Sejak SD aku muak dengan biologi. Dia yang membuatku membenci biologi. Ditambah buku-buku pelajaran Indonesia yang tekstual tidak aplikatif. Setiap pelajaran biologi aku lebih memilih tidur daripada mendengar nama-nama latin dan teori adaptasi apalah, telingaku gatal mendengarnya. Jika SMP aku mengikuti akselerasi karena guru-guru memaksaku ketika SMA aku ikut akselerasi karena itu satu-satunya cara tercepat agar biologi hilang dari hidupku.
Ketika pengambilan rapor yang ditanyakan guru-guruku—terutama guru biologi—adalah, “jadi anak prof Muh harusnya nilai biologimu lebih bagus dari ini, kenapa nilai biologimu bisa begini?”

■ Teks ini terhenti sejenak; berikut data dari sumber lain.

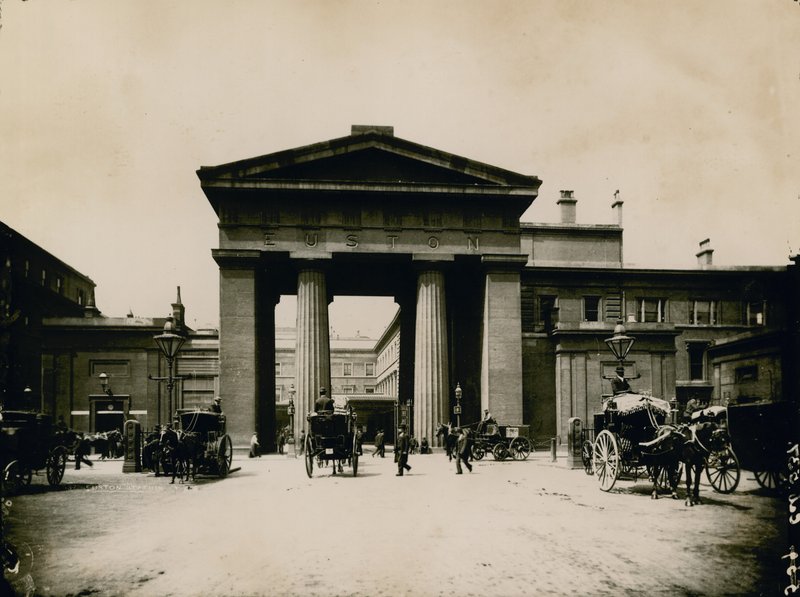 Euston pályaudvar, 1890 alkotó: English Photographer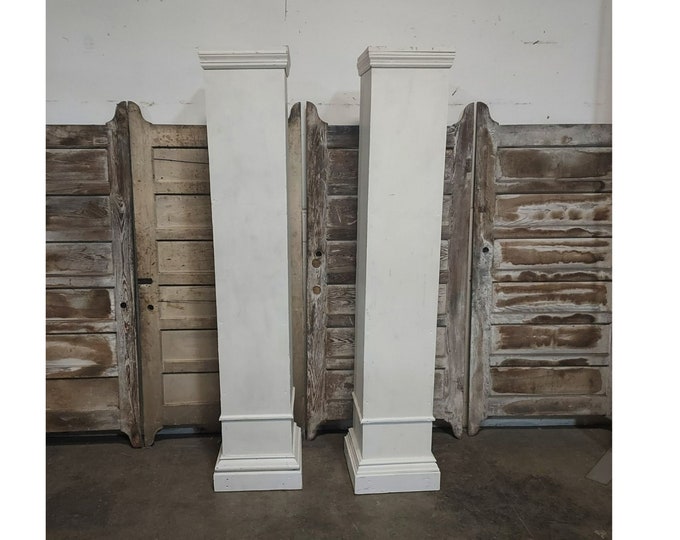 Pair Of Vintage Pillars # 186548 Shipping is not a 1.00 Shipping is not free please contact us before purchase Thanks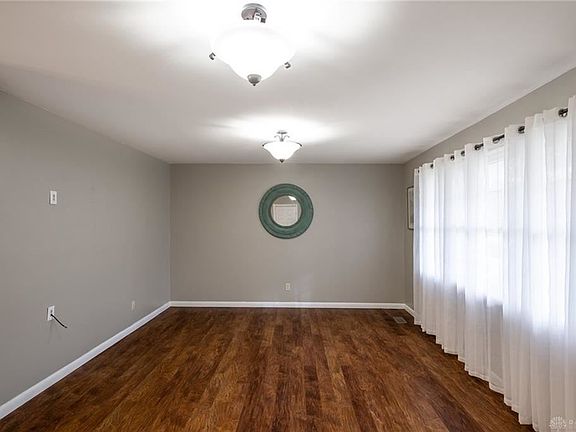 5th image of 1359 Eileen Dr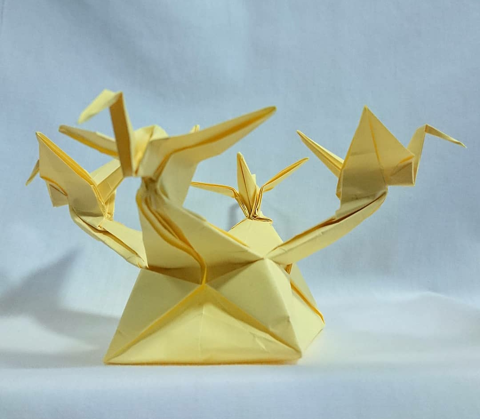 Box with 4 cranes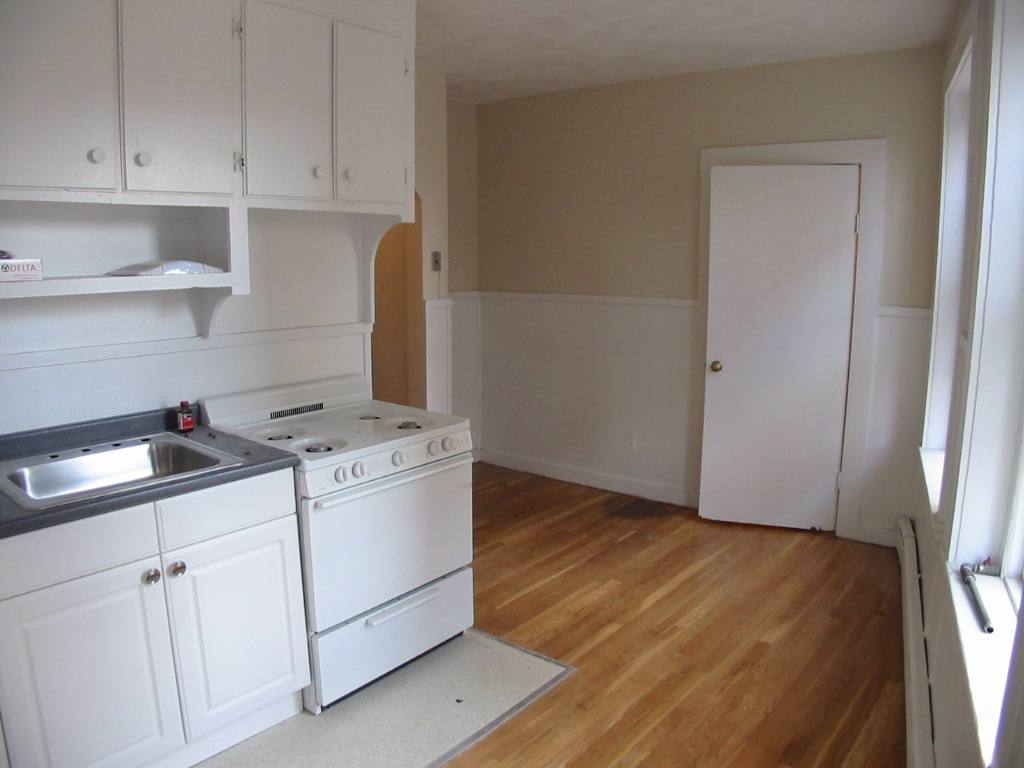 Apartment for rent at 110 Willow Ave #FL1, Cambridge, MA 02139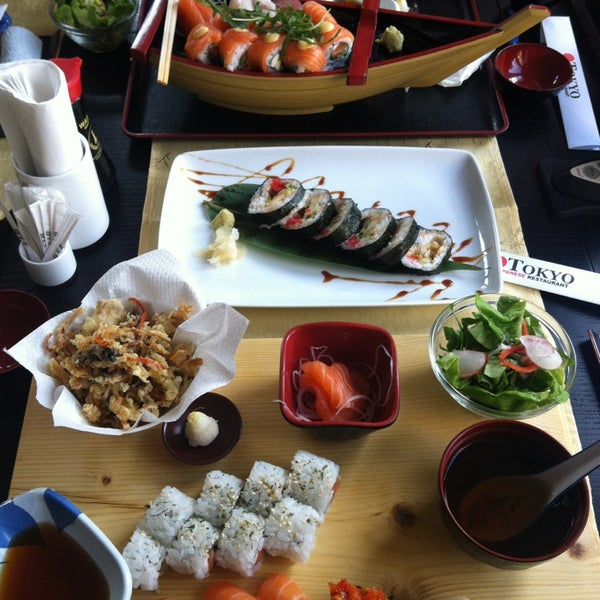 รูปภาพถ่ายที่ Tokyo Japanese Restaurant โดย Raluca S. เมื่อ 3/6/2013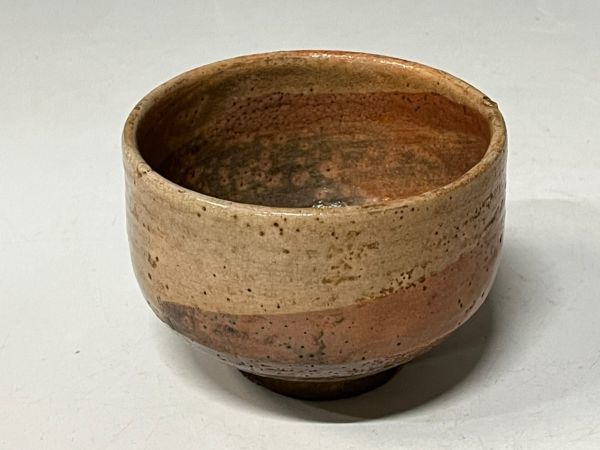 Mn2095『K府茶陶蒐集家放出』江戸時代 赤楽 小服 茶碗 楽焼楽茶碗京焼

Aku tidak ingin menjawab tapi karena semua perbandingan memuakkan yang tidak relevan itu membuat darahku tiba-tiba panas aku berkata, “saya benci biologi.”
Dan aku menyesali menjawabnya karena guruku kembali menyahut, “lho anaknya prof Muh kok nggak suka biologi toh?” Jadi anak tukang susu juga harus suka susu? Bagaimana kalau dia alergi protein susu sapi?
Peduli setan kalau dia Profesor biomolekuler, peduli setan kalau dia guru besar ITB, kepala bidang biologi LIPI dan tetek bengek lainnya yang mengekor di belakang namanya. Peduli setan.
Aku juga tak akan pernah melupakan kejadian sewaktu SMP. Kejadian yang membuktikan pemuja biologi semuanya pembohong.
Saat itu aku dipanggil guru biologi, disidang di ruang guru hanya karena bukannya menyilang jawaban yang tepat aku justru menulis: tolong berhenti membohongi murid-murid dengan soal seperti ini. Terima kasih!